Citant l’impact négatif sur le marché local et les revenus de leurs agriculteurs, la Pologne, la Bulgarie, la Hongrie, la Roumanie et la Slovaquie ont choisi de barrer unilatéralement leurs importations en avril 2023. Bruxelles a consenti à cet embargo, à la condition qu’il n’interfère pas avec le transit vers d’autres pays et qu’il ne dépasse pas une durée de quatre mois. Cependant, estimant que le problème sous-jacent n’avait pas été résolu, Varsovie a choisi de ne pas lever les restrictions sur les céréales ukrainiennes à la fin de l’été. Bruxelles, de son côté, soutenait que l’embargo n’était plus justifié car ses enquêtes indiquaient « qu’il n’y avait plus de perturbation des marchés nationaux pour les céréales ».

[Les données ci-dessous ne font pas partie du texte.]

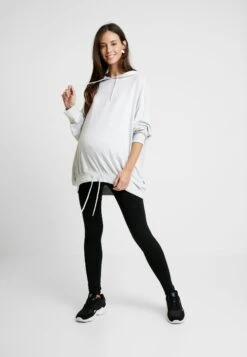 Leggings Maternity - Leggings - Black -Anna Field a74491475d3b46028bf2c312ff37bce2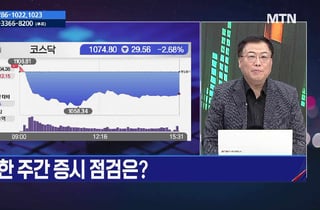 [종목상담소 주식민원처리반 1부]  '마키나락스 vs 드림시큐리티' ... 다음주 승자는?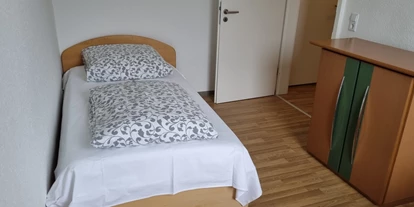Monteur-Zimmer - Herford - Privatzimmer Manzke in 33129 Delbrück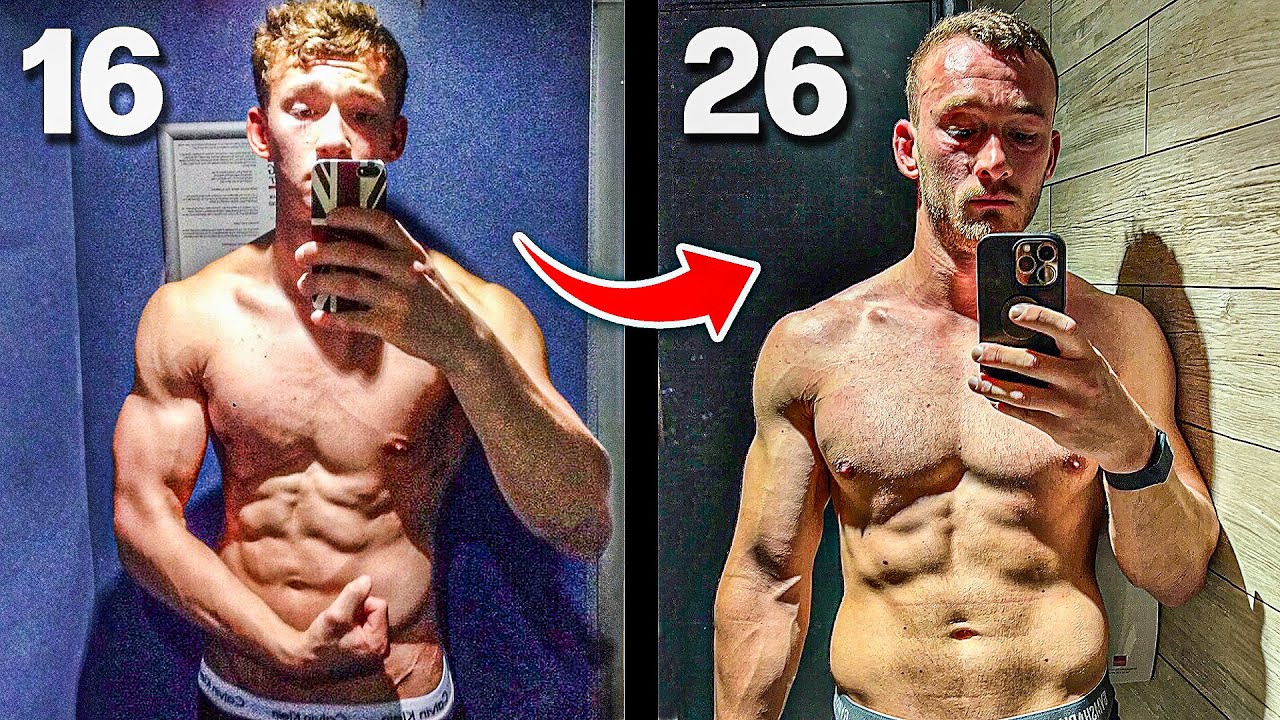 The Best Advice For ANYONE Starting Hybrid Training (FREE Training Plan)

Des protestations sont organisées par des fermiers polonais à la frontière ukrainienne, empêchant l’entrée des camions ukrainiens sur le sol de la Pologne. Leur revendication principale : une interdiction totale sur les biens agricoires et alimentaires d’origine ukrainienne. La cause de leur mécontentement ? Une hausse importante de leurs frais de production, la saturation de leurs silos et entrepôts, et des prix qui n’ont jamais été aussi bas. Le leader ukrainien avait exprimé début 2024 que cette situation à la frontière polonaise était preuve d’une «solidarité en déclin» avec son pays et a sollicité des discussions avec la Pologne. Il a aussi indiqué que la seule entité se réjouissant de ces tensions est Moscou, accusant «l’émergence de slogans pro-Poutine».